Defendants assert that it is inappropriate to assess against them the entire fee award, since there were multiple defendants in the case. However, a full assessment is appropriate in this case, because plaintiffs obtained from the Authority Defendants essentially the entire relief desired. Furthermore, plaintiffs' claims against the other defendants all arose out of the same common factual core, and time spent investigating or preparing one or another aspect of the case could not be neatly separated from time spent on winning the claim. Spano v. Simendinger, 613 F. Supp. 124, 125-26 (S.D.N.Y.1985). See also Lyons v. Cunningham, 583 F. Supp. 1147, 1152-53 (S.D.N.Y.1983) (no reduction in fees though plaintiff prevailed against only two of nine defendants, where legal theories underlying all claims were related). The Court, therefore, rejects the argument of the Authority Defendants that plaintiffs' fee request must be reduced because plaintiffs are seeking fees from only some of the defendants originally named in this action.

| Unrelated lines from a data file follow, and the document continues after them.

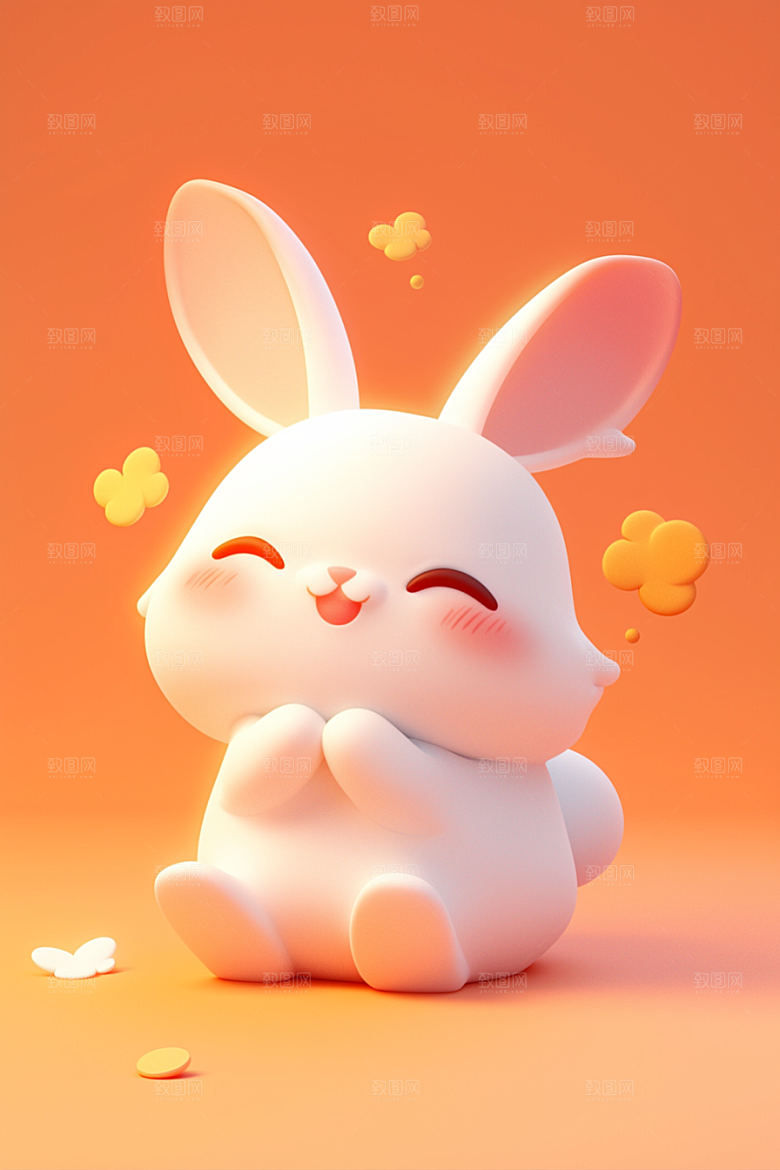 CG小兔子立体3D模型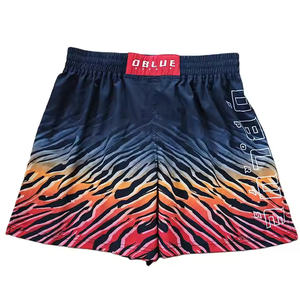 2025 nouveau Design combat haute fente taille élastique coloré Figital impression Mma Shorts - Product Image 1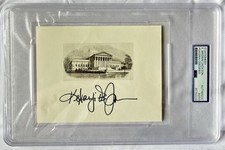 Ketanji Brown Jackson Signed Supreme Court Engraving Style Print PSA/DNA picture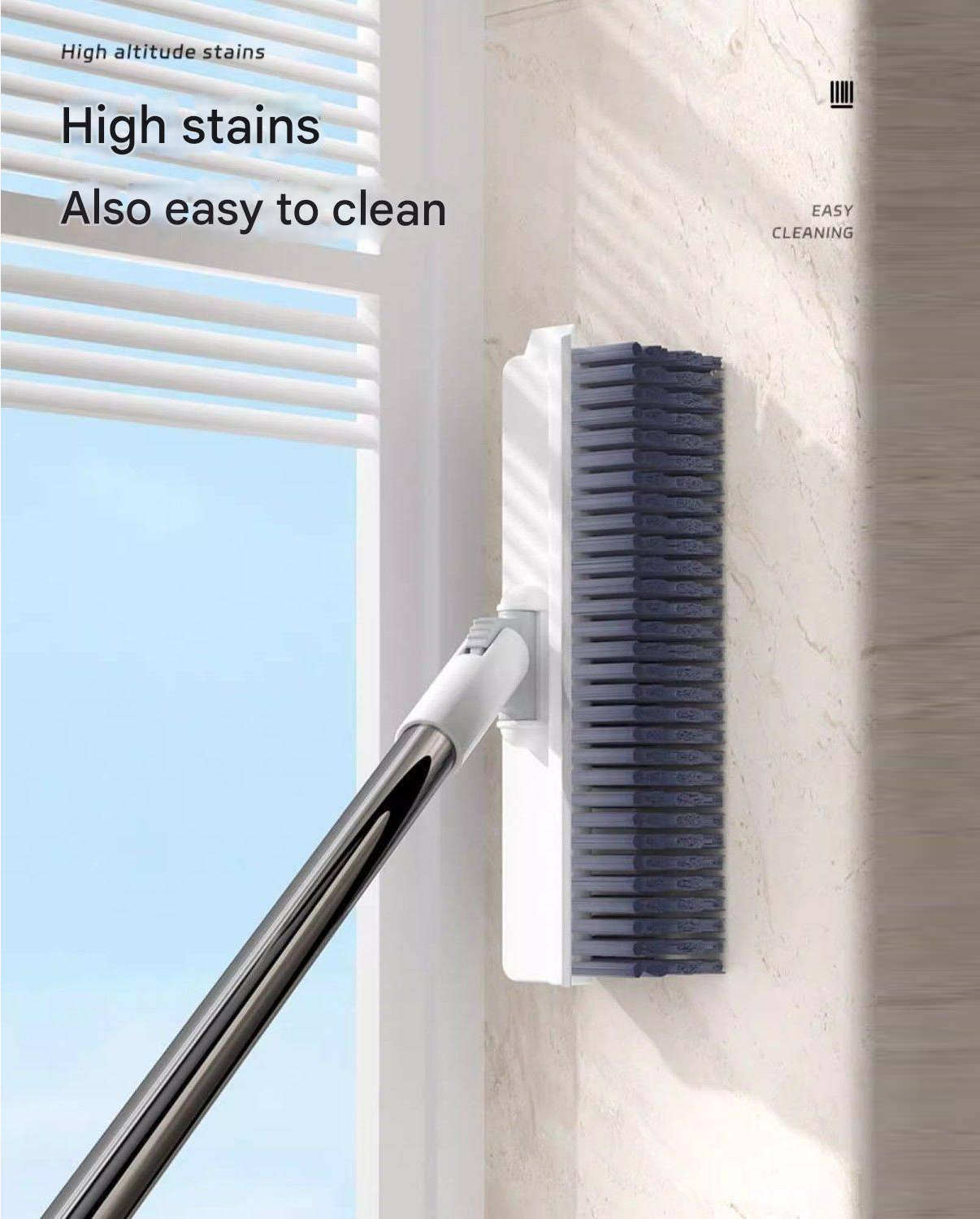 3 in 1 Multifunctional Floor Scrub Brush with Long Handle180°Rotating Stiff Bristle Scrape Brush for Cleaning Wall Corner Patio Bathroom Garage Kitchen Wall Deck Tub Tile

Plaintiffs in this action are prevailing parties and entitled to reasonable attorney's fees. The Court, accordingly grants plaintiffs' motion and awards to plaintiffs $29,527.65 for fees and disbursements.

It is so ordered.


[1] A pantographic gate, also called a scissors gate, is made from metal rods joined to form parallelograms, and is extensible.

[2] In response to inquiries, a representative of the New York Transit Authority suggested in a letter dated September 17, 1973 that blind persons using the subways learn to distinguish with their canes open car doors from the empty space between cars lacking intercar safety barriers. Plaintiffs' Exhibit 1. All exhibits referred to in this opinion are those presented to the Court at an evidentiary hearing held on July 26, 1985.

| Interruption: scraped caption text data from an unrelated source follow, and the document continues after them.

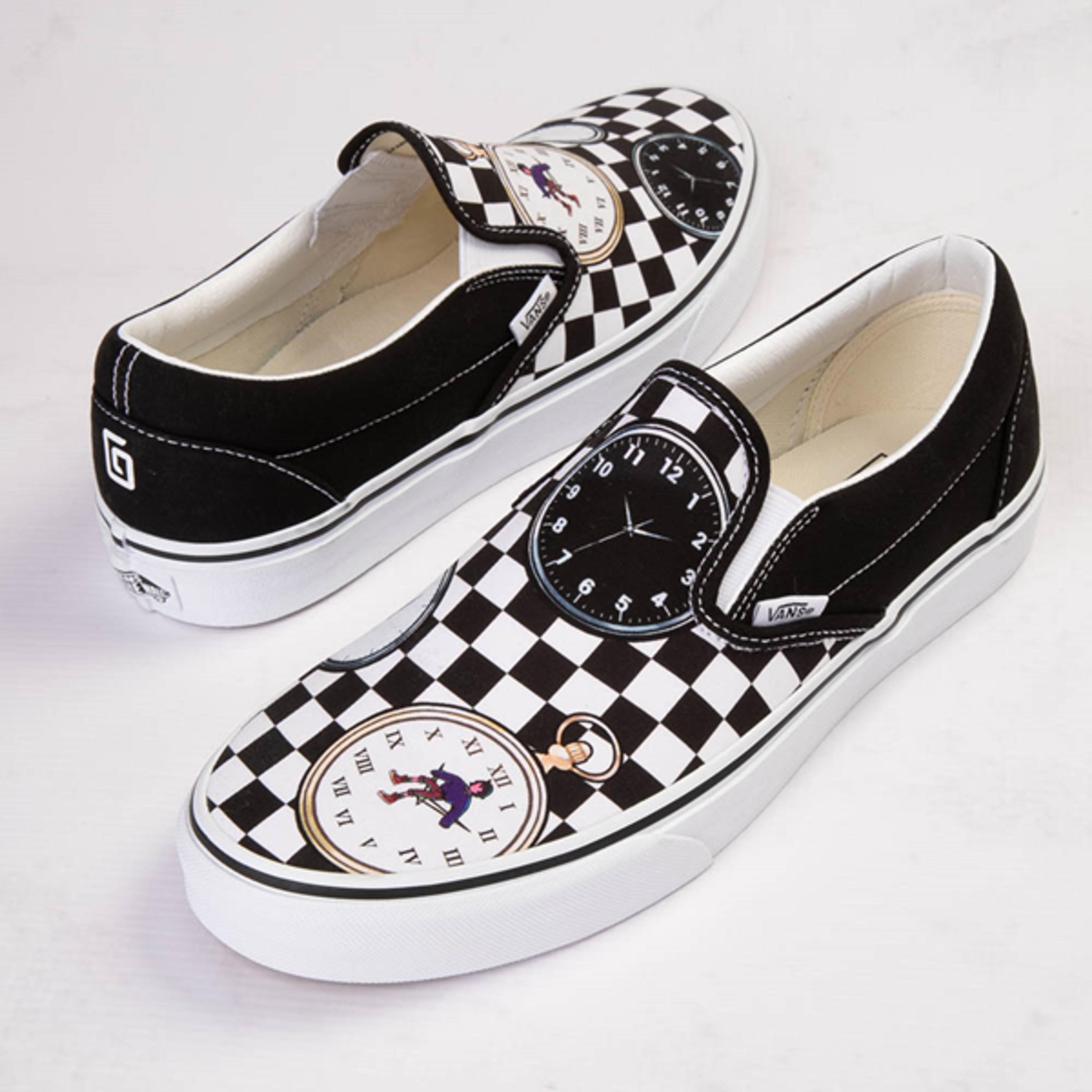 Karl Jacobs x Vans Slip-On Skate Shoe - Black / White | Journeys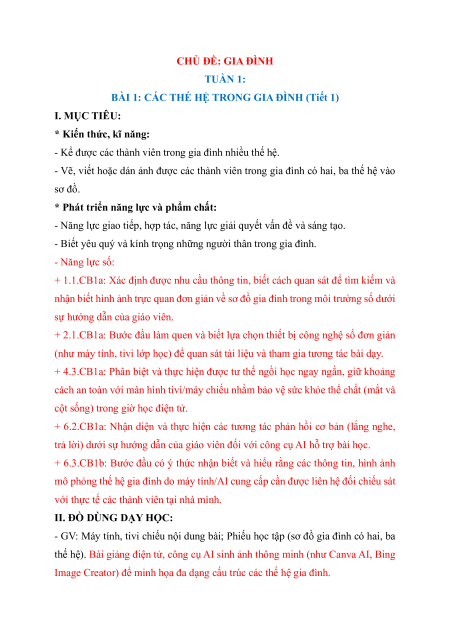Giáo án Tự nhiên xã hội lớp 2 (sách mới) | Giáo án Tự nhiên và xã hội lớp 2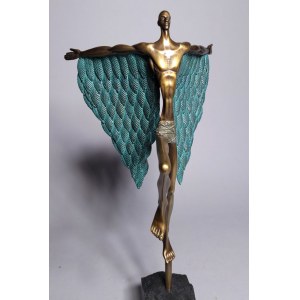 Paul Erasmus, Winged (Bronze, height 44 cm)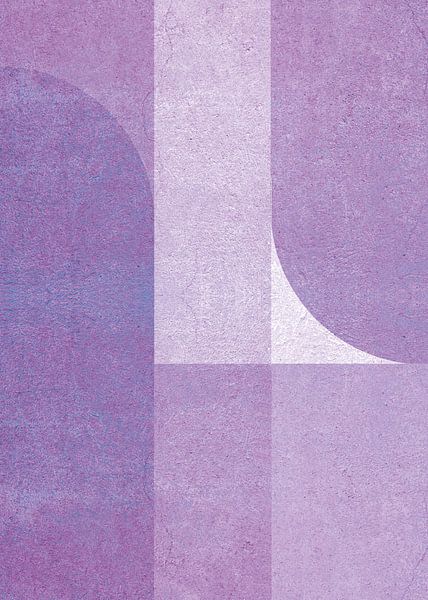 TW Living - Abstract art HANNA purple von TW living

[3] Mr. Cohen testified that attachment of the spring barrier to the fiberglass bonnets of the R-44 and R-46 cars was made possible by the development of a new epoxy by 3M Corp. working in conjunction with the NYCTA's consultants. Tr. at 34.

[4] The prototype train was never presented for inspection. Tr. at 17.

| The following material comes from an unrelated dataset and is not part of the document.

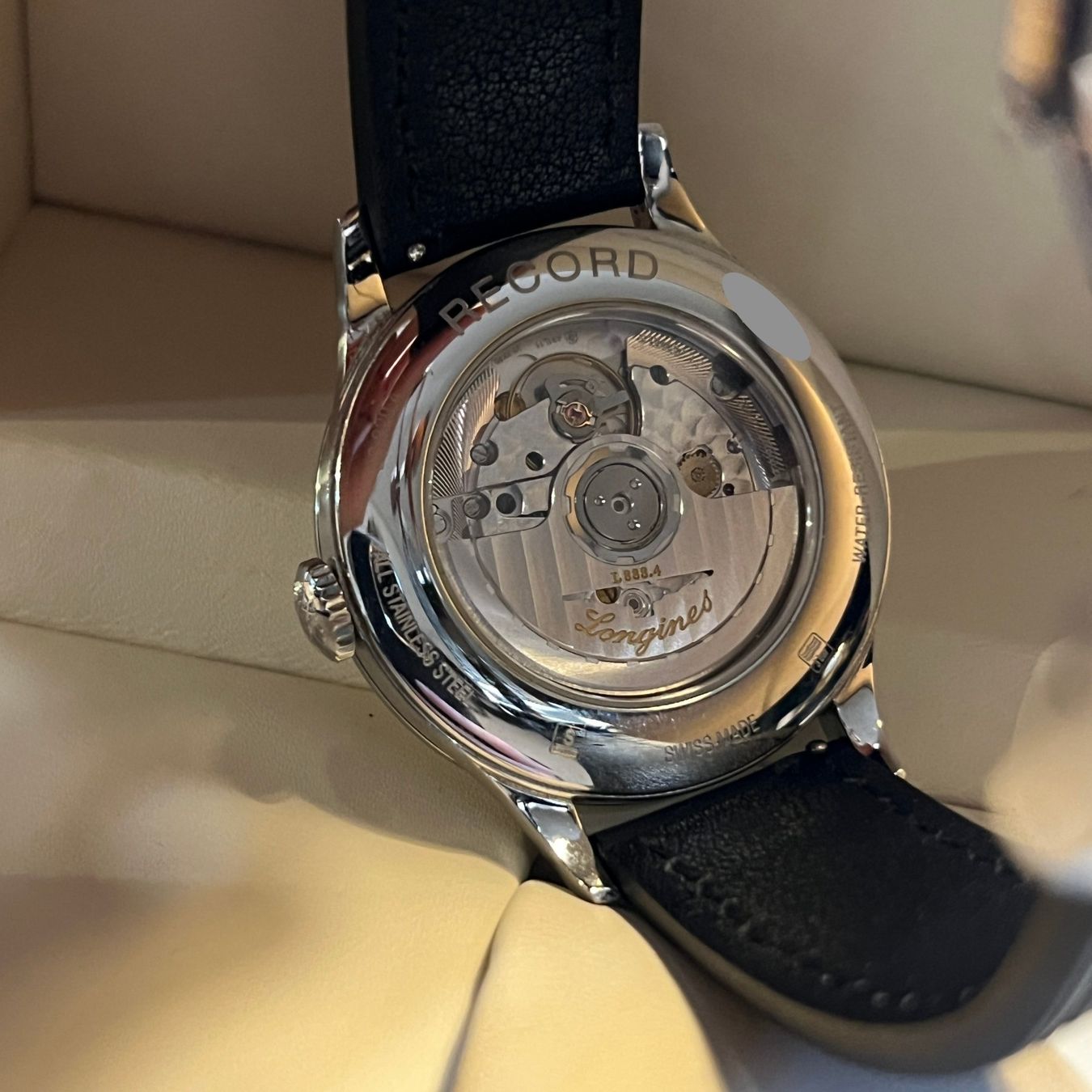 Longines Uhren: Longines Record Automatic Date Full Set Full Set L2.820.4.76 – Gebraucht aus Carouge GE von Watchaser 4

[5] Plaintiffs named several defendants in this action. For convenience, defendants can be placed into three groups. Elizabeth Dole, Secretary of the United States Department of Transportation; Ralph Stanley, Administrator of the United States Urban Mass Transportation Administration ("UMTA"); and Hiram J. Walker, Acting Regional Director of the UMTA are referred to collectively as the "Federal Defendants." The Metropolitan Transportation Authority, the New York City Transit Authority, the Staten Island Rapid Transit Operating Authority, Robert P. Kiley, David L. Gunn, and David Plavin are referred to as the "Transit Authority Defendants." Edward I. Koch, the New York City Department of Transportation, and Anthony Ameruso are referred to as the "New York City Defendants."

[6] Because plaintiffs seek fees only from the Transit Authority Defendants, the Court will, when the context permits, refer to the Transit Authority Defendants simply as "defendants."

[7] The Court adopts this analysis as a useful framework for making the ultimate determination required by this Circuit, whether plaintiffs have "achieved some vindication of [their] rights as a result of the lawsuit." Gingras v. Lloyd, 740 F.2d 210, 212 (2d Cir.1984).

[8] The fee applicant has the burden to produce satisfactory evidence "that the requested rates are in line with those prevailing in the community for similar services by lawyers of reasonably comparable skill, experience, and reputation." Id. at 896 n. 11, 104 S. Ct. at 1547 n. 11.

[9] The factors to be considered are set forth in Hensley v. Eckerhart, supra, 461 U.S. at 430 n. 3, 103 S. Ct. at 1937 n. 3.